‘Black Adam’ Review: A Welcome Superhero Surprise

Well paint me green and call me a cucumber, this was a lot of fun!

“Black Adam” is the latest installment of the DC Extended Universe (DCEU), and stars Dwayne Johnson in the titular role. In the film, Adam is awoken from his 4,600 year slumber and must adjust to his place in the modern world. Aldis Hodge, Noah Centineo, Sarah Shahi, Marwan Kenzari, Quintessa Swindell, Bodhi Sabongui, and Pierce Brosnan also star, while Jaume Collet-Serra directs.

I really wasn’t looking forward to “Black Adam” very much (of all the DC projects originally slated to come out in 2022, it ranked behind “The Batman” and “The Flash”), but I remain a decent fan of Dwayne Johnson (despite his insistence on being in seemingly every film Hollywood puts out). The DCEU has been a mess in recent years, with the likes of “Batman v Superman” and “Zack Snyder’s Justice League” dividing audiences, “The Suicide Squad” bombing amid the pandemic, “Wonder Woman 1984” being, well, not good, and “Batgirl” getting outright cancelled despite having already spent $90 million on filming (and that’s not even mentioning the constant delays of “The Flash” due to the pandemic and star Ezra Miller’s legal issues). I’m not sure “Black Adam” (despite Johnson’s social media claims) will be the product that steers the ship fully back on-course for Warner Bros., but it is a fun superhero movie that lands in the top-third DC’s filmography and plays better than recent Marvel outings.
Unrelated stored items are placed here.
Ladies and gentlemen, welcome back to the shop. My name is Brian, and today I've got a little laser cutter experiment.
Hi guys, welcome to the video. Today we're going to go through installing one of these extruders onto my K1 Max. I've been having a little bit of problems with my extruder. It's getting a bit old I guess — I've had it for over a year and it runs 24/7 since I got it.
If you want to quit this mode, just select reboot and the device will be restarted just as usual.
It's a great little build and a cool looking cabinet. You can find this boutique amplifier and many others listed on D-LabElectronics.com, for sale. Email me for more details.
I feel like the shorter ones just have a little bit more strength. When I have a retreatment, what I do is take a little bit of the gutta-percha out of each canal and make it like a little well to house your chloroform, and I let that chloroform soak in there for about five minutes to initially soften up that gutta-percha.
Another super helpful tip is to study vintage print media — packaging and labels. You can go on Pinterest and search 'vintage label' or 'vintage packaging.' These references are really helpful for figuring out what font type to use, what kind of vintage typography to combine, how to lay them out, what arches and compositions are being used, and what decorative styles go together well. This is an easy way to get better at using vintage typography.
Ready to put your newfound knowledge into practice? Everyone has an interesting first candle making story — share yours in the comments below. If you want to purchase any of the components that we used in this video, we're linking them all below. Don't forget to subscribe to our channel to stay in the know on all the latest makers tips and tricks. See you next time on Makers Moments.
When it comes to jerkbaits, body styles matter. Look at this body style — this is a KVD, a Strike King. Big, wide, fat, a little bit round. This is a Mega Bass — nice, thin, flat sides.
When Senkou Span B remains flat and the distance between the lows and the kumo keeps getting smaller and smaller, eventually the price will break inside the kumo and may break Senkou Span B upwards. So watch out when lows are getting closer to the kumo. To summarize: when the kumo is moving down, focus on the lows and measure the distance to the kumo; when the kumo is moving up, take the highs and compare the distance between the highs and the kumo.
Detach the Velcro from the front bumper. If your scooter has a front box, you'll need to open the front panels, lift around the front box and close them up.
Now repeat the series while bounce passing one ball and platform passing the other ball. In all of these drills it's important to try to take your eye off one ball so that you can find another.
Dwayne Johnson is the world’s highest-paid actor, and until people stop showing up to his films it appears things will stay that way. Even with his serious line delivery and stoic disposition here, Johnson still manages to bring charm to the role, and while he does get outshined by some of his co-stars (more on that in a second), I think he is a solid rock (teehee) for the DCEU to build upon moving forward. I would’ve liked to see a few more fish out of water bits (there’s one good one involving a mirror), but least Johnson gets to continue his streak of always having at least one scene take place in a jungle.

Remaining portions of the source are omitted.